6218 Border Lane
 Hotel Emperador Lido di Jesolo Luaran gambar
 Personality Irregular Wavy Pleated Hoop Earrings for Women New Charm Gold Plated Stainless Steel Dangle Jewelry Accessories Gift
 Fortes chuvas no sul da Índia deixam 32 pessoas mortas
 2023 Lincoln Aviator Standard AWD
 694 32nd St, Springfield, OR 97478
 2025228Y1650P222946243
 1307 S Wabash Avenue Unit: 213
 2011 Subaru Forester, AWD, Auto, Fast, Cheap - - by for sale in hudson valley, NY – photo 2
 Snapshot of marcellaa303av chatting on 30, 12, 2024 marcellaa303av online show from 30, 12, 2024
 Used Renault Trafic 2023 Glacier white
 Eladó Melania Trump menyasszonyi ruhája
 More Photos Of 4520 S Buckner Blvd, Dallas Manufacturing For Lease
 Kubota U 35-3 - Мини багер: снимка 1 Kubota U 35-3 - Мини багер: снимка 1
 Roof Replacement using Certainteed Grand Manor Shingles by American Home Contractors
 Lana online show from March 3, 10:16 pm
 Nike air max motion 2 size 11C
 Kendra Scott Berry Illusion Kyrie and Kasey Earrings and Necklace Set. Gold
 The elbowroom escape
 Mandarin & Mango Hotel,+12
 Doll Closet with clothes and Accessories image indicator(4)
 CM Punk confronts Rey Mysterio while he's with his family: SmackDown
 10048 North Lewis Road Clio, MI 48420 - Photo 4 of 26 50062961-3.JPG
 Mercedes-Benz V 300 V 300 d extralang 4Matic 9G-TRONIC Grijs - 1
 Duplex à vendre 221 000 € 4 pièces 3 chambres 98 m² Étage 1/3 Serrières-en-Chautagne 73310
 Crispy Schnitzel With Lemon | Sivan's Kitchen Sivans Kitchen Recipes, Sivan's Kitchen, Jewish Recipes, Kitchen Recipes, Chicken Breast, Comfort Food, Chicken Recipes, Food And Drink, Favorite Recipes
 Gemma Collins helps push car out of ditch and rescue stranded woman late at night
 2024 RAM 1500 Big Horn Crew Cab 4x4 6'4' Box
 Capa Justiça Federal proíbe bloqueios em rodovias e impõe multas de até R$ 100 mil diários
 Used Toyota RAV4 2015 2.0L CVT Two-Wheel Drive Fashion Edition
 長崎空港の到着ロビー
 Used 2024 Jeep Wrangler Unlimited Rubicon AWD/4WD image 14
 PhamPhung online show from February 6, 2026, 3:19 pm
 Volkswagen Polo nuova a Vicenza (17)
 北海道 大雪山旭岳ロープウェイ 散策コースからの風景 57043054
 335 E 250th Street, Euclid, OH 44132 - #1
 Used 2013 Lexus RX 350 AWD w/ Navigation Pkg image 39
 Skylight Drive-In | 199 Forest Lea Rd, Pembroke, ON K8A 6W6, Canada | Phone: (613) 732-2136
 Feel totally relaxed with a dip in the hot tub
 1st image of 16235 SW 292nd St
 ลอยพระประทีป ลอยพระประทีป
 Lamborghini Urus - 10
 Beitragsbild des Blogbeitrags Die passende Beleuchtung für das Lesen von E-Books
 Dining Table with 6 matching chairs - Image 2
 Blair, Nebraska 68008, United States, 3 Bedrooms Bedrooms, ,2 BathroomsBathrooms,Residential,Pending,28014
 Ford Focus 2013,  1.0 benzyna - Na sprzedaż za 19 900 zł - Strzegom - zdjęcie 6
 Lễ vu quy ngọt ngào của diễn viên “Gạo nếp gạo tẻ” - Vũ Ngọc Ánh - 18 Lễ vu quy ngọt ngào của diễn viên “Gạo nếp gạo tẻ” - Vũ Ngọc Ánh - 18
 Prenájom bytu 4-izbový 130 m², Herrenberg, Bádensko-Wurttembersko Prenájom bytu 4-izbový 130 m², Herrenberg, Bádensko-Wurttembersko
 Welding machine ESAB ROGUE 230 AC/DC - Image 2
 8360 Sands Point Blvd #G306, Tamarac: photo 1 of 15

====================

Take each line of the material that contains the word "Drive" and list it.

 Used Toyota RAV4 2015 2.0L CVT Two-Wheel Drive Fashion Edition
 Skylight Drive-In | 199 Forest Lea Rd, Pembroke, ON K8A 6W6, Canada | Phone: (613) 732-2136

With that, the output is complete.